Suit Filed After White Jacksonville Cops Try to Beat Black Man to Death to Enforce Their Seat Belt Law. Police claim Video Only Creates “the Illusion" of Excessive Force, Feds Fail to Charge Cops

From [HERE] and [HERE] Attorneys for a Black man brutally beaten by Jacksonville officers in a viral video last year announced Thursday a federal lawsuit against the officers involved in the incident.

Footage showed Le’Keian Woods bloodied and bruised as officers surrounded him after a traffic stop on Sept. 29, 2023. A mugshot showed Woods with two swollen, black eyes and lacerations on his face, sparking public outrage

More than a year later, Woods spoke briefly about the incident alongside his attorneys in a news conference outside the Bryan Simpson United States Courthouse in Jacksonville.

“I was stopped at a traffic stop and I ran. I got kind of scared; I knew they was going to shoot me. I panicked and I ran,” Woods told reporters, adding that he continues to endure “a lot of migraine pain, a lot of eyesight pain” as a result of the beating. 

An image from cellphone video shows Le’Keian Woods surrounded by officers as he's taken into custody.Ruby Anderson via AP

Woods’ attorney Harry Daniels announced the lawsuit against Detectives Beau Daigle, Trey McCullough and Hunter Sullivan and now-former Detective Josue Garriga, accusing them of excessive use of force. According to the lawsuit, the officers violated Woods’ Fourth Amendment right when they pulled him over for “an alleged seatbelt violation” and brutally beat Woods after he fled. The lawsuit states that Woods is still receiving medical care and suffers from myriad mental health symptoms, according to NBC affiliate WTLV of Jacksonville.

“You had three deputy sheriffs … who weighed over 200 pounds beating Le’Keian, who may have weighed 150 pounds soaking wet. He had already been tased, he was already disoriented,” Daniels said, adding that at least one of the officers kneed Woods in the head “multiple times.” 

Officers alleged that they saw Woods engaged in a drug transaction before pulling him over for a traffic stop. He ran as they handcuffed two other people in the traffic stop, according to the body camera video and an arrest report. At the time, the sheriff’s office also alleged that the video created “the illusion of an inappropriate use of force.” Sheriff T.K. Waters said last October that “just because force is ugly does not mean it is unlawful or contrary to policy.”

Daniels, who did not immediately respond to a request for comment, on Thursday denied that Woods was part of any drug deal. 

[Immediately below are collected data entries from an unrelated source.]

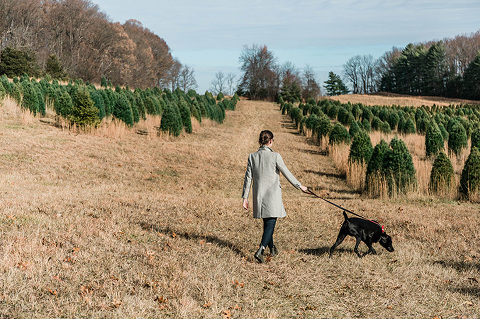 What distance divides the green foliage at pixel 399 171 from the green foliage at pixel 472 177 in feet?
3.95

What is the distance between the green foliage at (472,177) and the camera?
10.2m

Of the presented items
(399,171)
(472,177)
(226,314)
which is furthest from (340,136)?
(226,314)

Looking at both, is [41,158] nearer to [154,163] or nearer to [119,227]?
[154,163]

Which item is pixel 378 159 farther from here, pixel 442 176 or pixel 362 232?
pixel 362 232

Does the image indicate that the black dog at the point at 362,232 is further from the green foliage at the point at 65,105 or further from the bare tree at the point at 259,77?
the bare tree at the point at 259,77

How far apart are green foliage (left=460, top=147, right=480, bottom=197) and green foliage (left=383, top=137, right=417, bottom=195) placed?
120cm

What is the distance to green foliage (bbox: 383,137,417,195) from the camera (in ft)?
35.8

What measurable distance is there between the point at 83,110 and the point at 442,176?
13.8 metres

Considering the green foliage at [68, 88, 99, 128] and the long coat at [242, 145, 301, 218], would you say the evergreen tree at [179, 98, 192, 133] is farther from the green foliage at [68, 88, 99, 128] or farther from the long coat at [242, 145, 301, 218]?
the long coat at [242, 145, 301, 218]

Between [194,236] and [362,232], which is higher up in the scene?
[362,232]

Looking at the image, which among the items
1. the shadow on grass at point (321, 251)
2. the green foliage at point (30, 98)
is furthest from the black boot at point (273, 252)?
the green foliage at point (30, 98)

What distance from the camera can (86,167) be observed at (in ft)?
40.9

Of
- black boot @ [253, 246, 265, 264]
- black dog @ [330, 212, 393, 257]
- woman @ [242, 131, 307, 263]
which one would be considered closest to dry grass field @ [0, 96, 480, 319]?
black boot @ [253, 246, 265, 264]

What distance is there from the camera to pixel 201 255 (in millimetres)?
5707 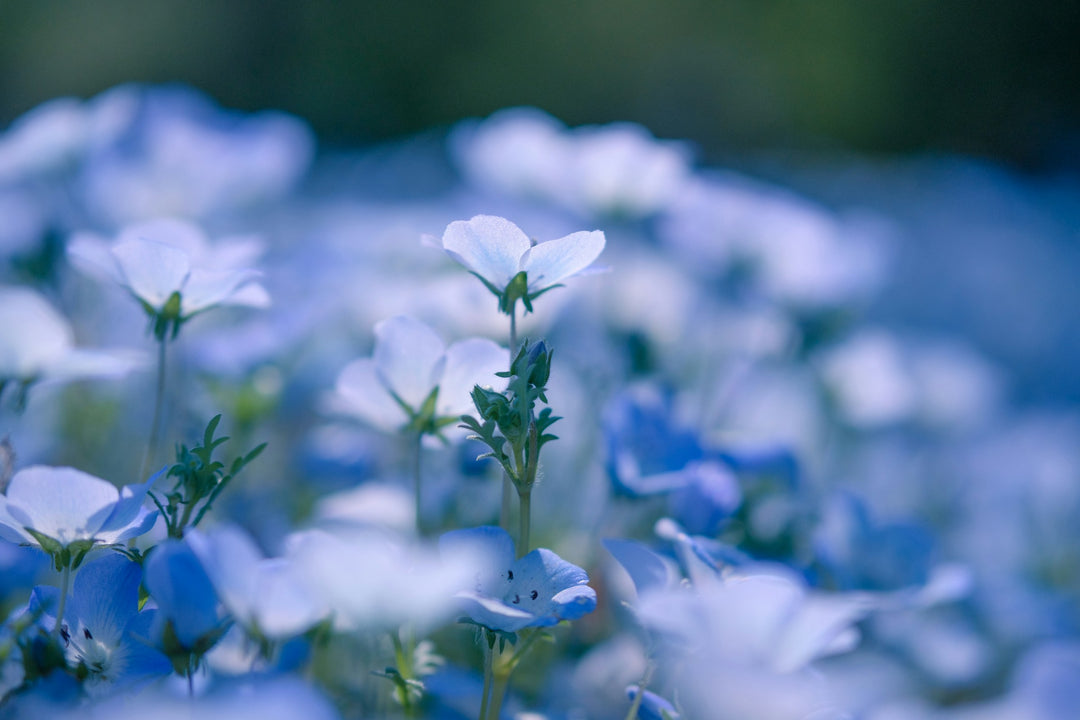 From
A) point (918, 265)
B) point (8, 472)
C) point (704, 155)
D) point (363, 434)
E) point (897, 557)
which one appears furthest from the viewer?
point (704, 155)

Body camera video showed detectives chasing Woods through a yard, a parking lot and a grassy area before they used a stun gun on him. Woods was seen falling first onto a paved street with one arm beneath him. Then, detectives were seen hitting him in his face, bloodying his jaw and kneeing him in the head while they yelled for him to put his hands behind his back.

Woods was hospitalized for days after the incident with, his attorneys said, a ruptured kidney and head injuries. 

Woods later pleaded guilty to misdemeanor resisting police without violence, and all other charges against him — armed trafficking in cocaine, armed possession of a controlled substance, armed trafficking in amphetamine, and tampering with evidence — were dropped, some as part of a plea deal, according to the Florida Times-Union.

The U.S. Department of Justice reviewed the arrest and concluded last November in a letter to Waters: “Based on the known information, this incident does not give rise to a prosecutable violation of the federal civil rights laws. As a result, we are closing our review of this matter.”

"The Defendants' [officers'] actions and use of force, as described herein, were also malicious and/or involved reckless, callous, and deliberate indifference to Mr. Woods’ federally protected rights," the lawsuit states. "The force used by the Defendants shocks the conscience and violated the Fourth Amendment right of Mr. Woods."

According to the suit, Wood "continues to suffer ongoing emotional distress, with significant PTSD type symptoms, including sadness, anxiety, stress, anger, depression, frustration, sleeplessness, nightmares, and flashbacks from his assault."

"I wanna be very clear, we're not filing this lawsuit just for the appeasement of Le'Keian, on his mother, on his family, this lawsuit has been filed to try to seek a measure of justice," Woods' attorney, Harry Daniels, said in a statement. "A measure of justice that as a man, or a jury, or a judge can only give to one. I think that it's time that we acknowledge that something is fundamentally wrong with the Jacksonville Sheriff's Office."